Wheel/tire combinations can be balanced in many different ways, including static and dynamic, on and off vehicle, as well as employing various types of permanent balancing systems.
Also known as "bubble balancing" uses a fairly inexpensive machine to balance the wheel/tire assembly at rest using a bubble level as an indicator. This technique takes some operator skill to perform good balancing as you need to carefully split the balancing weights on the inside and outside of the wheel to avoid dynamic imbalance.
Also known as "spin balancing" can be done either on or off the vehicle. The majority of tires are probably balanced on computerized spin balancers. After clamping the wheel on the machine, setting the wheel dimensions, it spins up and calculates the locations and amount of weight to apply to the rim to correct the balance. Most spin balancers center the wheel on a cone-shaped mounting device. This works fine for vehicles that locate the wheel on the vehicle via the hub (i.e. "hub-centric"). For vehicles, like Toyota, that locate the wheel on the hub via the lug nuts (i.e. "lug-centric") a special lug-centric adapter should be used to properly balance the wheel. On vehicle balancers avoid this problem, spinning up the wheel in place.
In either case, there are several types of balancing weight that can be used, depending on the application. The most common weight is a clip-on lead weight attached to the lip of the rim. As mentioned above, clip-on weights on the outside of the rim are prone to being scraped off on curbs and rocks. They also may not be suitable for certain alloy wheels. Adhesive backed weights are another option and have the advantage of being placed in the center of the wheel, if needed. But once again, they are prone to being scraped off in mud, snow and sand.

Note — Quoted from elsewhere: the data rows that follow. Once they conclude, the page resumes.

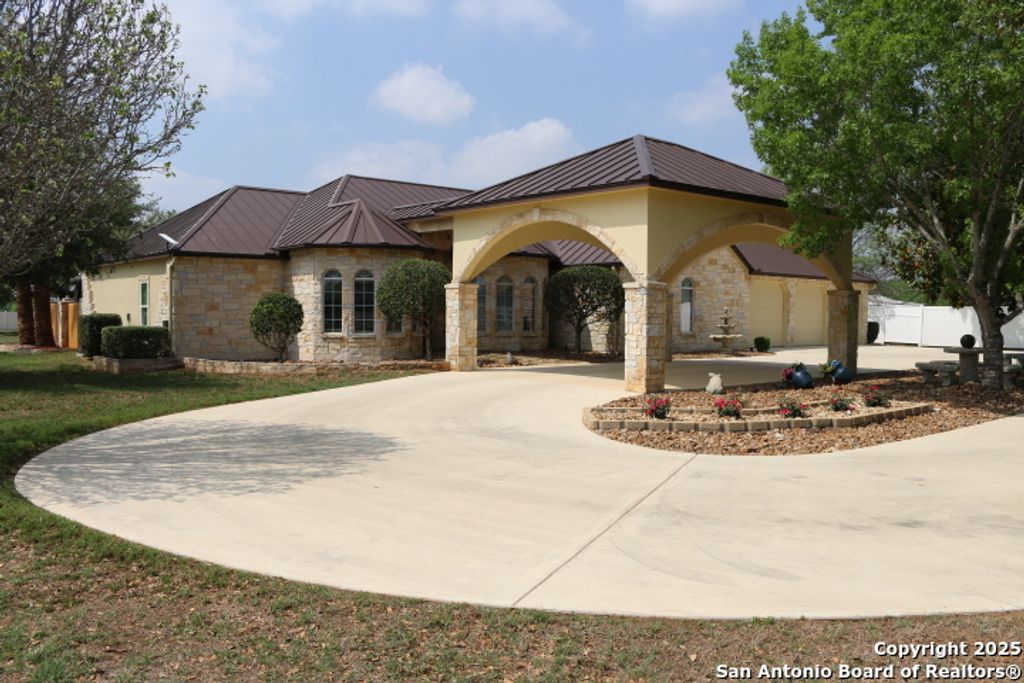 listing image 0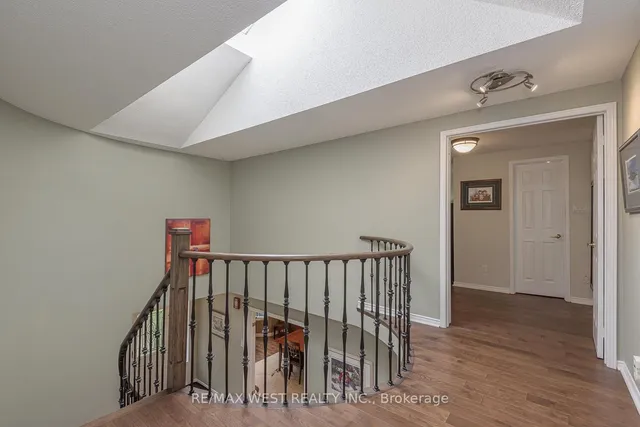 Additional image 25 of 12 Barr Cres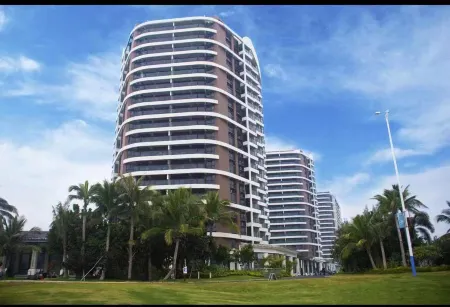 Shijianhai Vacation Apartment (Xuwen Haian New Port)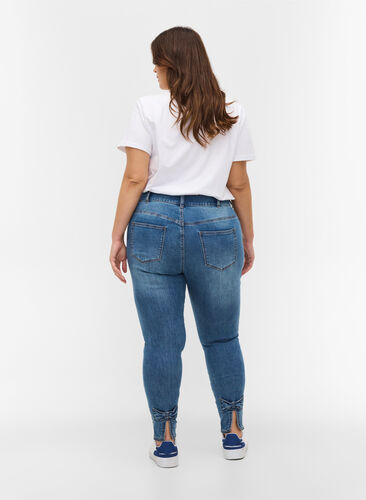 Cropped Amy jeans met hoge taille en strikje, Blue denim, Model image number 1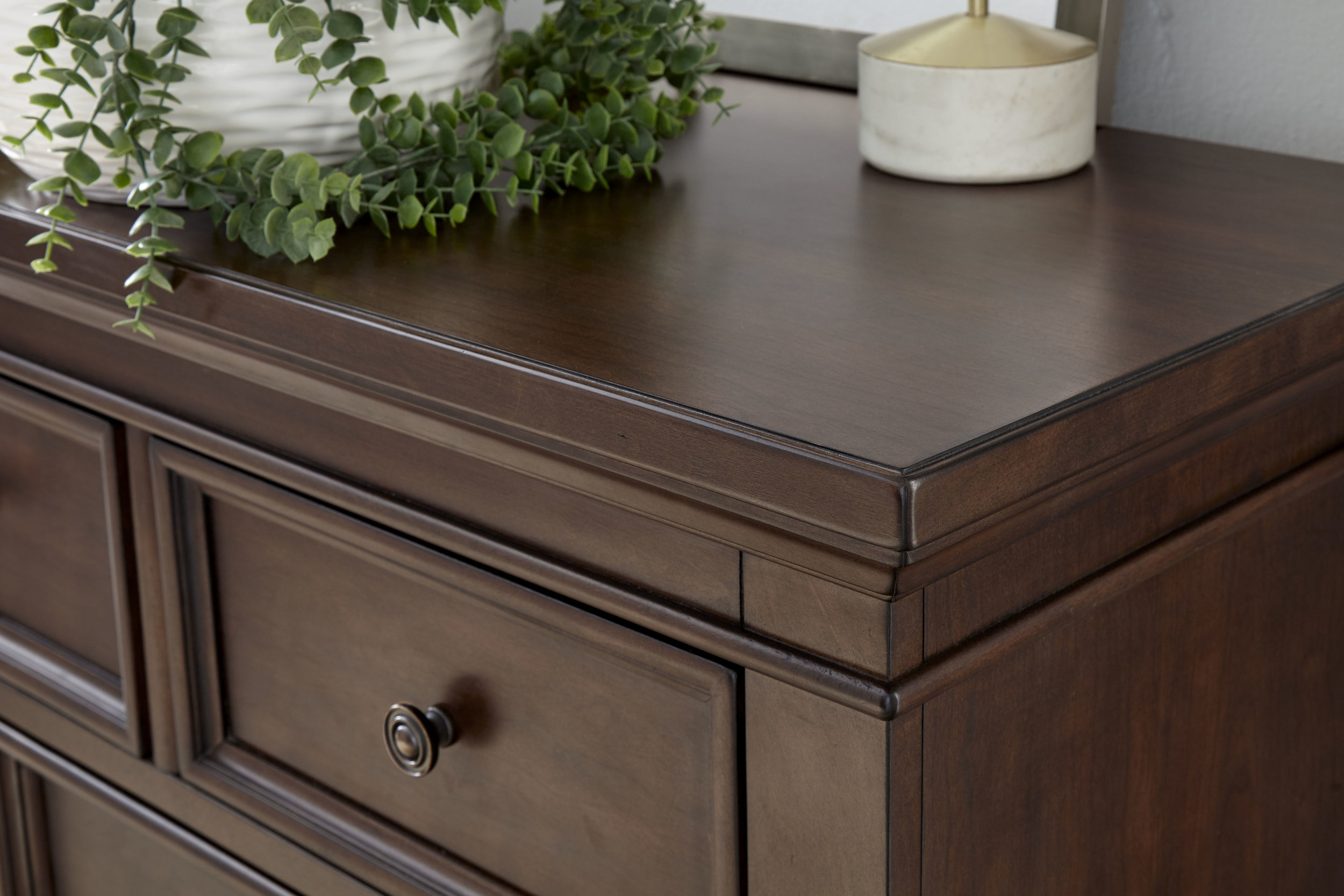8B202_GentlemanChest_Detail-1.jpg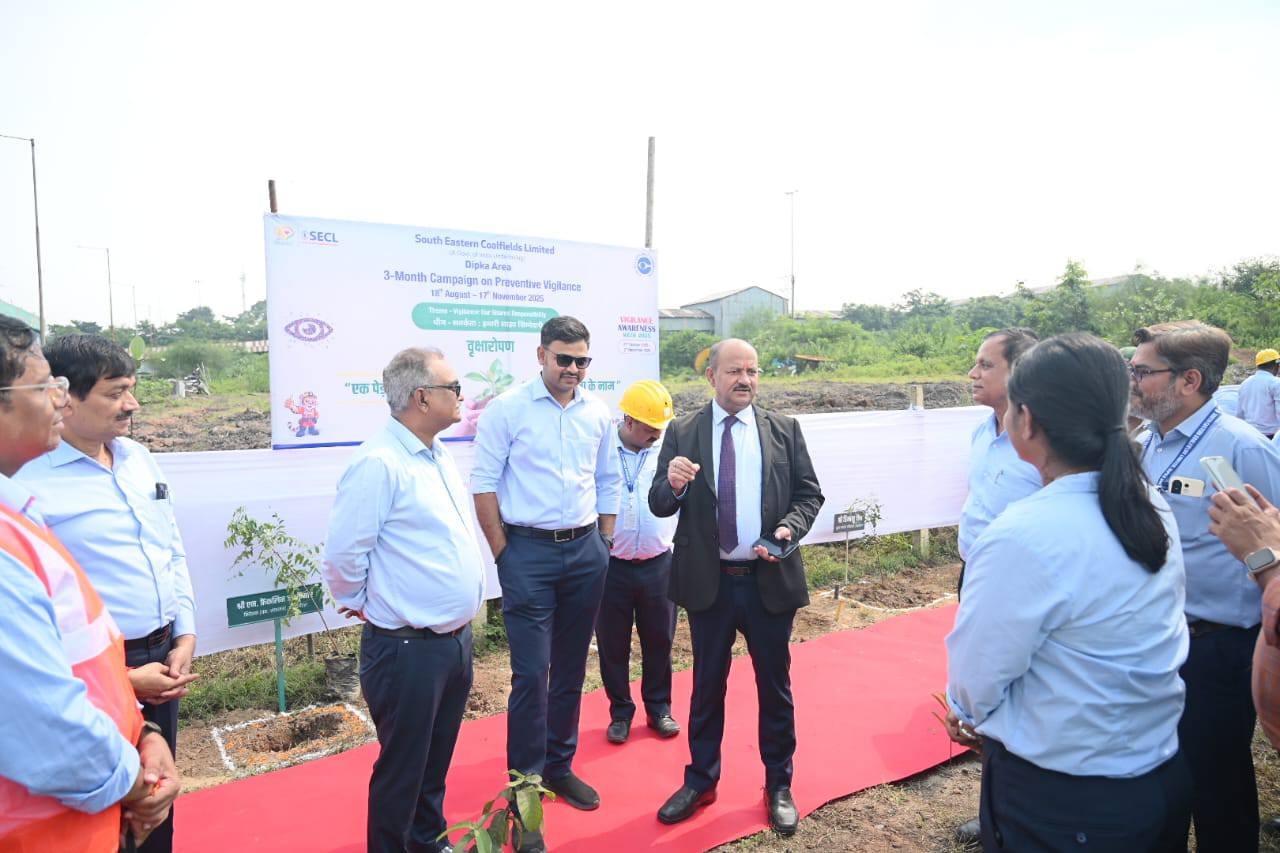 सीवीओ, कोल इंडिया ब्रजेश कुमार त्रिपाठी ने किया दीपका क्षेत्र का दौरा,एसईसीएल दौरे के दूसरे दिन कोल इंडिया सीवीओ ने किया दीपका खदान का दौरा, मेगप्रोजेक्ट्स के अधिकारियों से सतर्कता पर किया संवाद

Weights on the wheel have an inherent problem due to the wheel/tire geometry. Since the imbalance is probably located out at the tire tread, it has more affect on balance than an equal weight located at the rim radius. For example on a 33x15 tire, an ounce of imbalance at the tread (16.5" radius) would require over 2 ounces of weight on the rim to correct (16.5/7.5x1oz.=2.2oz.). A more effective (and expensive) method of balancing a tire involve the application of heavy rubber patches to the inside of the tire. This has the advantage of needing less weight and eliminating the risk of falling off due to rocks and tire spinning, but the tire must be repeatedly mounted, spun, and dis-mounted to verify balance.
Another form of dynamic balancing involves shaving rubber from the tire to achieve balance. This is very helpful in cases where tires are physically out of round. However, it can involve the removal of significant amounts of tread and is more expensive than balancing with weights. Some tire chain stores offer this service, but only up to about 31" diameter tires. Shops that deal with large trucks and tractors often have on-vehicle tire shavers that can be used for this purpose.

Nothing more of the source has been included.